◆ Exercise description: With the pictures set aside, return the lines below exactly, beginning at the first and ending at the line containing "Succinate dehydrogenase [ubiquinone]".

■ ■ ■ ■ ■ ■ ■

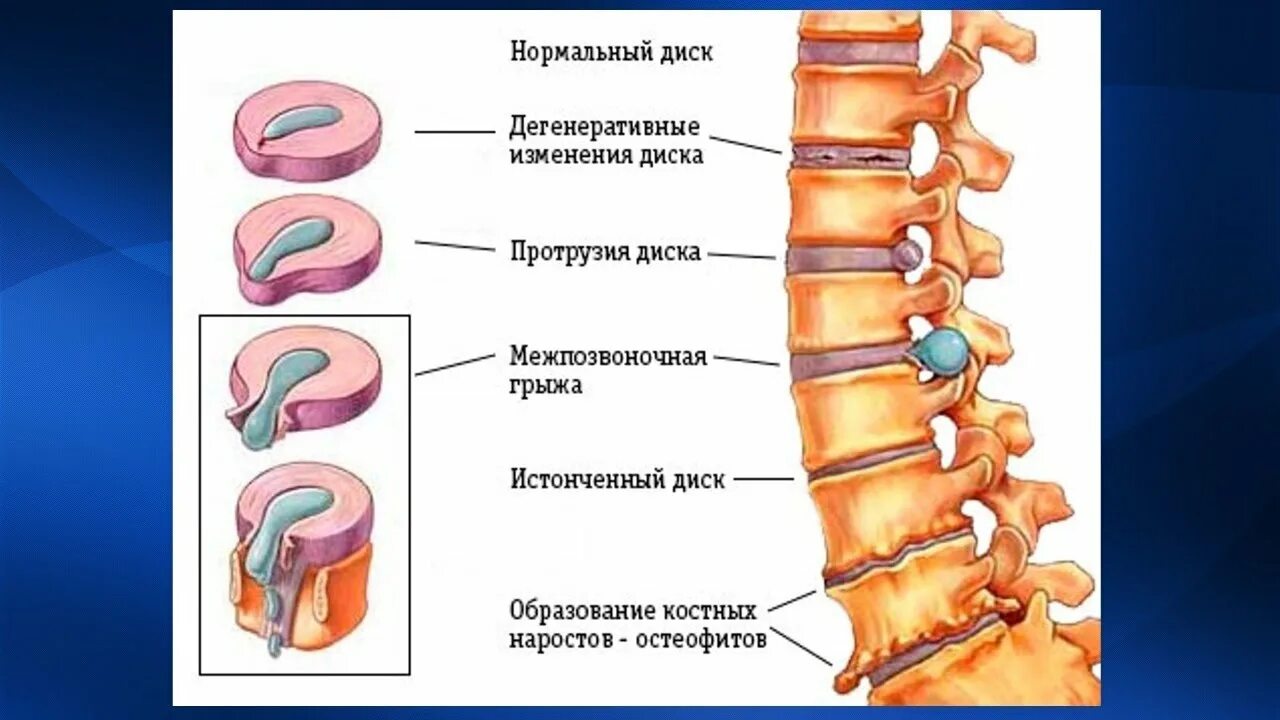 Диффузно дегенеративные. Протрузия позвоночника l2-l3. Дегенеративно-дистрофические изменения l2 l3. Патогенез дегенеративно-дистрофических заболеваний позвоночника. Деформирующий спондилез th9-th10.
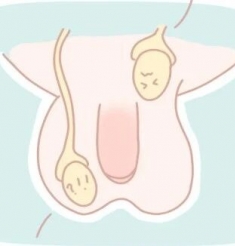 【健康科普】小蛋蛋“失踪”之谜：关于隐睾，家长必须知道的5件事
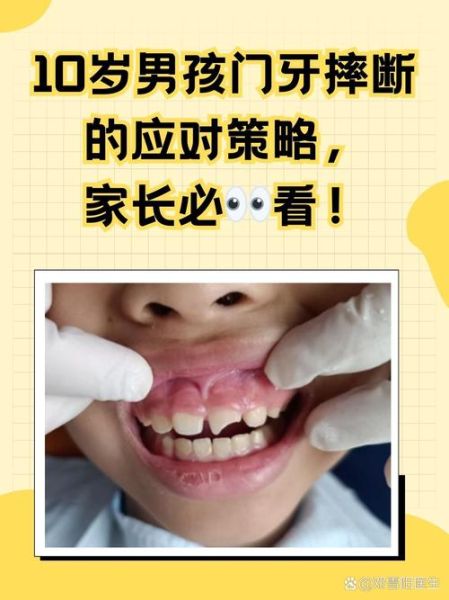 门牙掉了一小块运势_门牙缺损影响风水吗
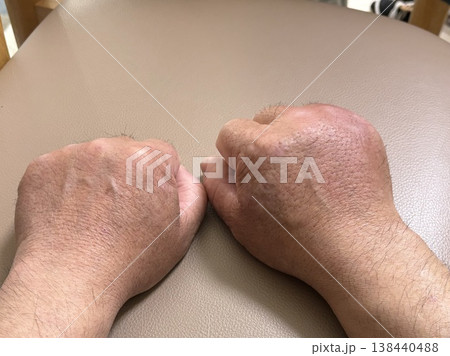 手の腫れ 138440488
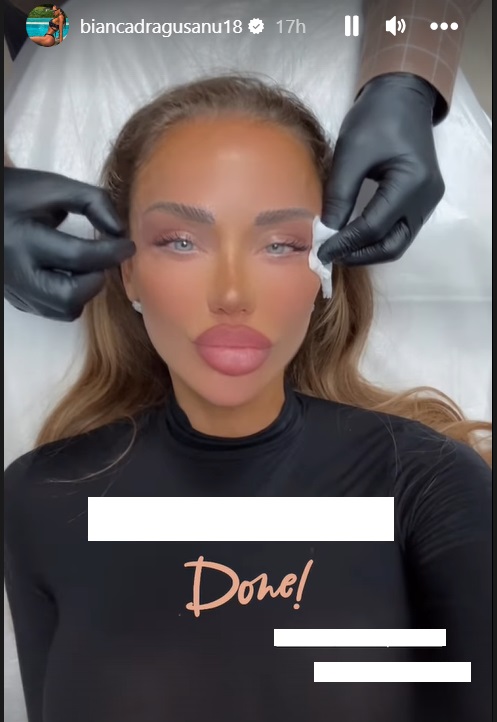 Cum arată Bianca Drăgușanu după cea mai nouă intervenție estetică la față. Ce presupune procedura „cat eye”
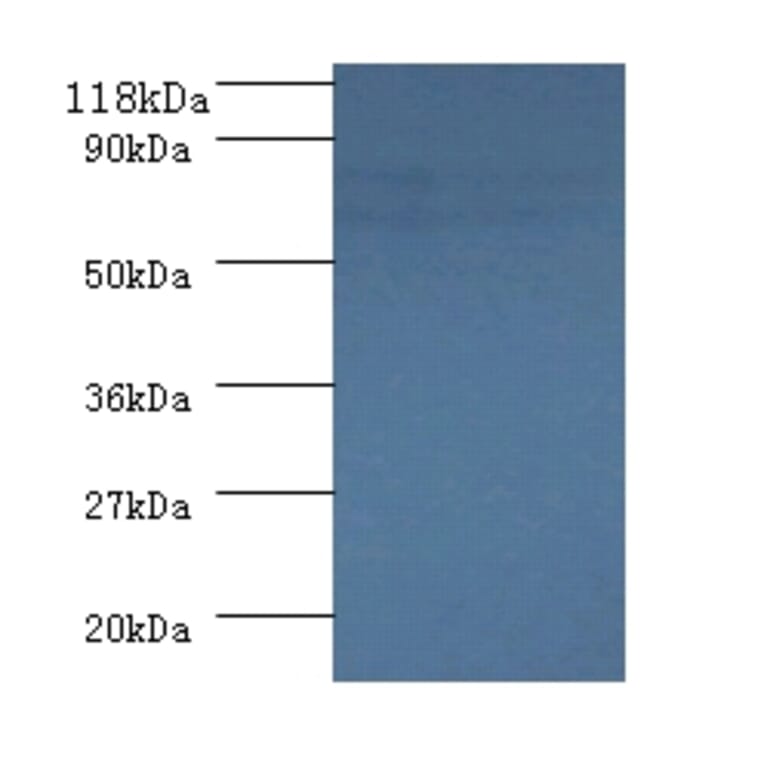 Succinate dehydrogenase [ubiquinone] flavoprotein subunit, mitochondrial Polyclonal Antibody from Signalway Antibody (42308)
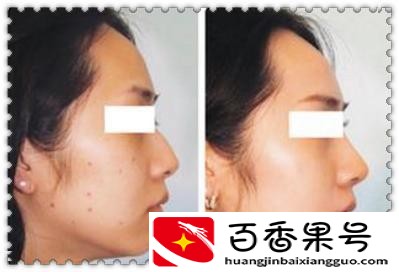 点痣后需要注意什么事项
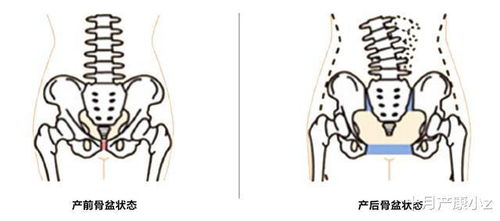 导致骨盆错位有以下原因,你有没有中招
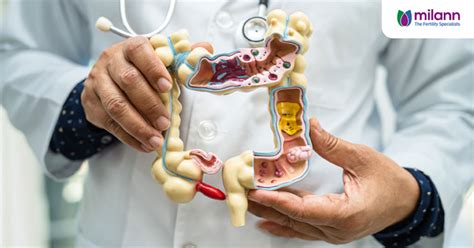 Milann | The Fertility Specialist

■ ■ ■ ■ ■ ■ ■

◆ Finished exercise:
 Диффузно дегенеративные. Протрузия позвоночника l2-l3. Дегенеративно-дистрофические изменения l2 l3. Патогенез дегенеративно-дистрофических заболеваний позвоночника. Деформирующий спондилез th9-th10.
 【健康科普】小蛋蛋“失踪”之谜：关于隐睾，家长必须知道的5件事
 门牙掉了一小块运势_门牙缺损影响风水吗
 手の腫れ 138440488
 Cum arată Bianca Drăgușanu după cea mai nouă intervenție estetică la față. Ce presupune procedura „cat eye”
 Succinate dehydrogenase [ubiquinone] flavoprotein subunit, mitochondrial Polyclonal Antibody from Signalway Antibody (42308)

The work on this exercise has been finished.